Records for this exercise:
=== Begin Enclosure ===

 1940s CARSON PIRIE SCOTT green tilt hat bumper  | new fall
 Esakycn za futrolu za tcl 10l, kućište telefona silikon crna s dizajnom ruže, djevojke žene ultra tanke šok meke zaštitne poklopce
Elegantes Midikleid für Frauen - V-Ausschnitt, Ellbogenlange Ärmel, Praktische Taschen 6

=== End Enclosure ===
=== Begin Enclosure ===

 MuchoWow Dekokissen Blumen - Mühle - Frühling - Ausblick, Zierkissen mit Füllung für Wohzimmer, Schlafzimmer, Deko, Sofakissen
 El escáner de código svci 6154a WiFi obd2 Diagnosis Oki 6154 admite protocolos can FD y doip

=== End Enclosure ===
=== Begin Enclosure ===

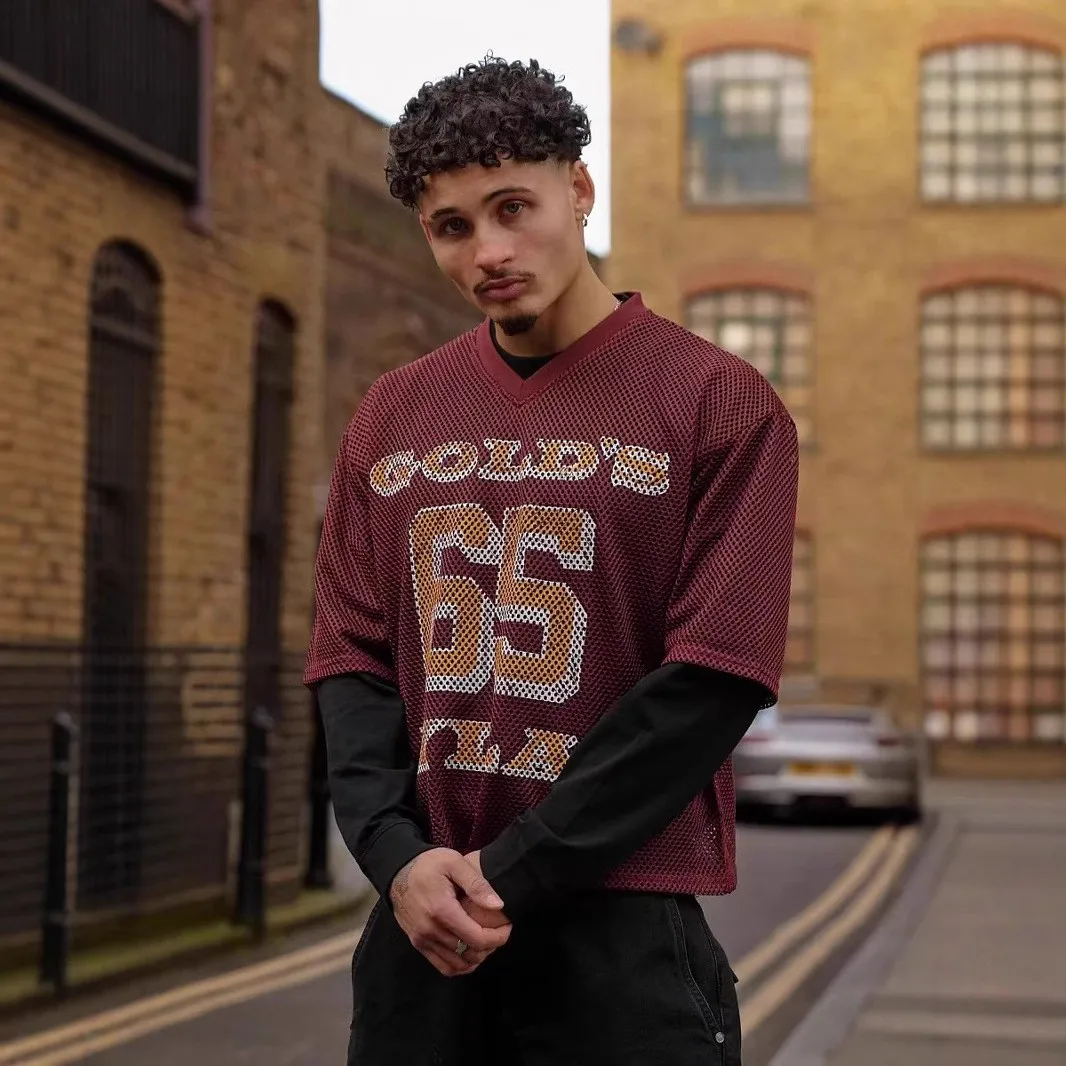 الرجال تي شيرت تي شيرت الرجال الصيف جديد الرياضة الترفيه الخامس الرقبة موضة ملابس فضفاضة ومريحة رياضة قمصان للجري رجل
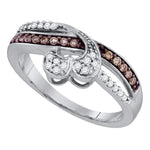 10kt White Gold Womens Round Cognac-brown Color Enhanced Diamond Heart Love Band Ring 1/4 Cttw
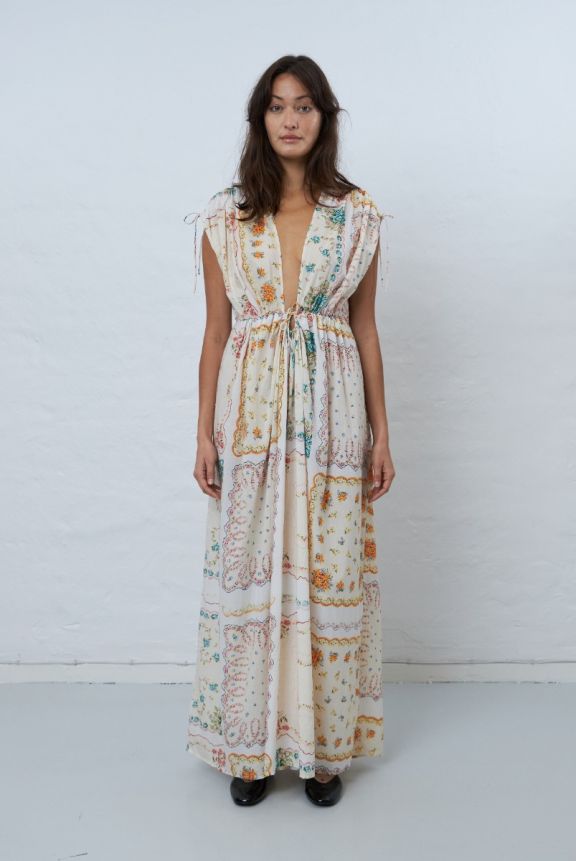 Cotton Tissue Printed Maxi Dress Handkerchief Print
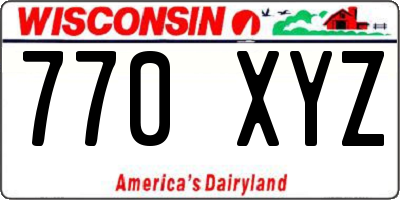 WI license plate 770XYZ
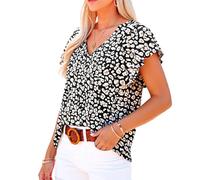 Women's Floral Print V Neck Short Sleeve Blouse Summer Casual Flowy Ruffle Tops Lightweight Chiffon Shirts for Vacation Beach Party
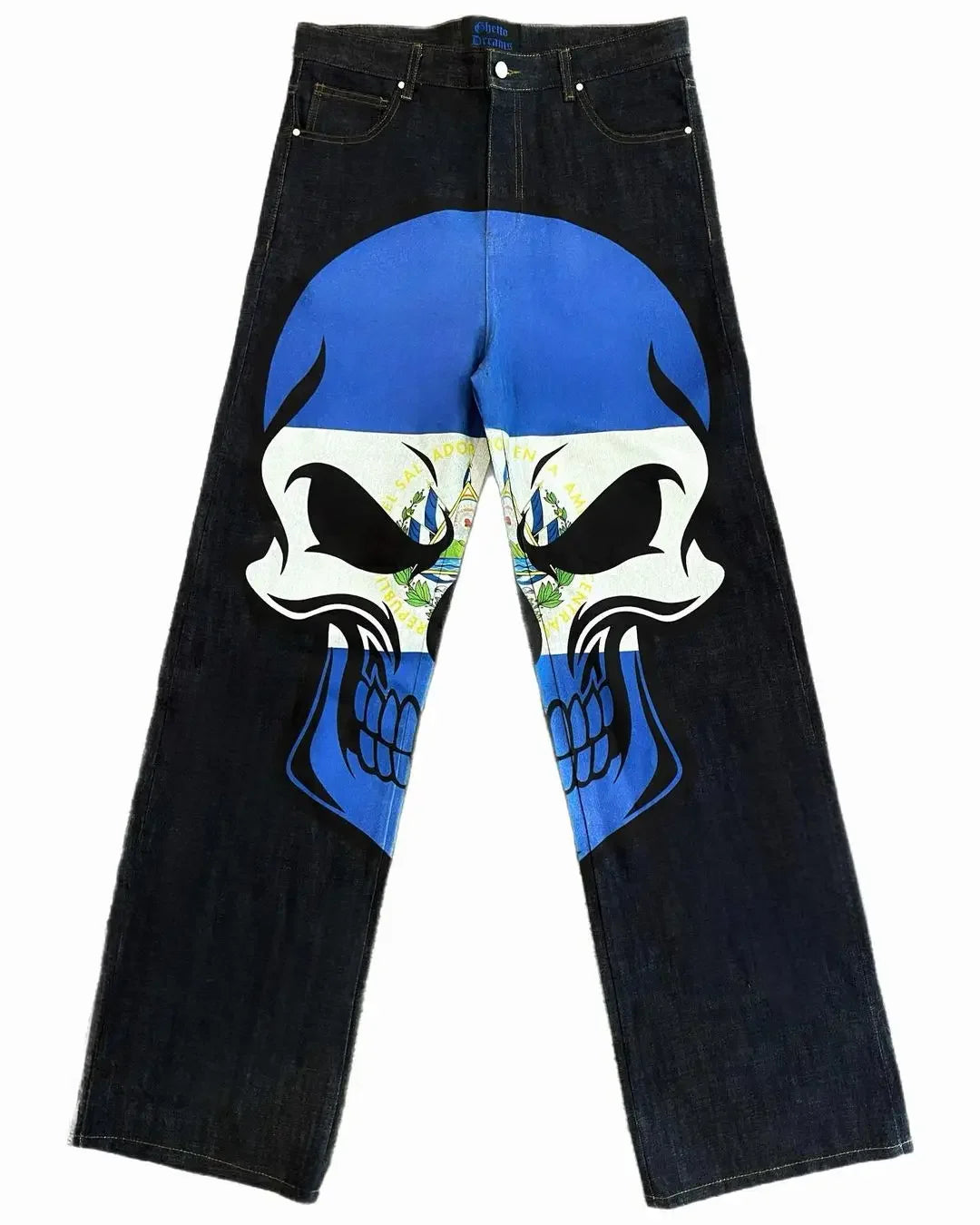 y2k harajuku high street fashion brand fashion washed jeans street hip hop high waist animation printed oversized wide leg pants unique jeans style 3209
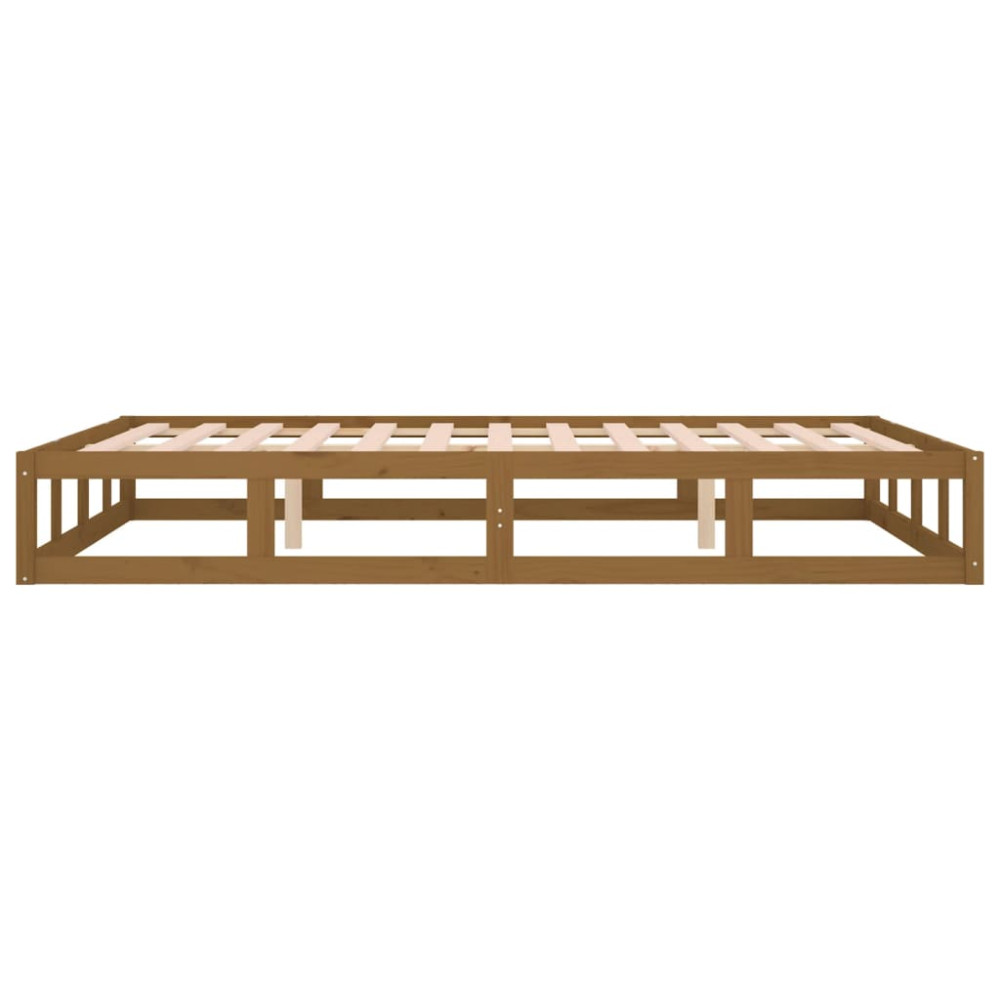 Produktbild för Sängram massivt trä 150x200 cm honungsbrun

=== End Enclosure ===

What to do: Copy the lines above exactly, beginning at the line that has "1940s CARSON PIRIE" and stopping after the line that has "Elegantes Midikleid für", and omit the rest.

Solution to this problem:
 1940s CARSON PIRIE SCOTT green tilt hat bumper  | new fall
 Esakycn za futrolu za tcl 10l, kućište telefona silikon crna s dizajnom ruže, djevojke žene ultra tanke šok meke zaštitne poklopce
Elegantes Midikleid für Frauen - V-Ausschnitt, Ellbogenlange Ärmel, Praktische Taschen 6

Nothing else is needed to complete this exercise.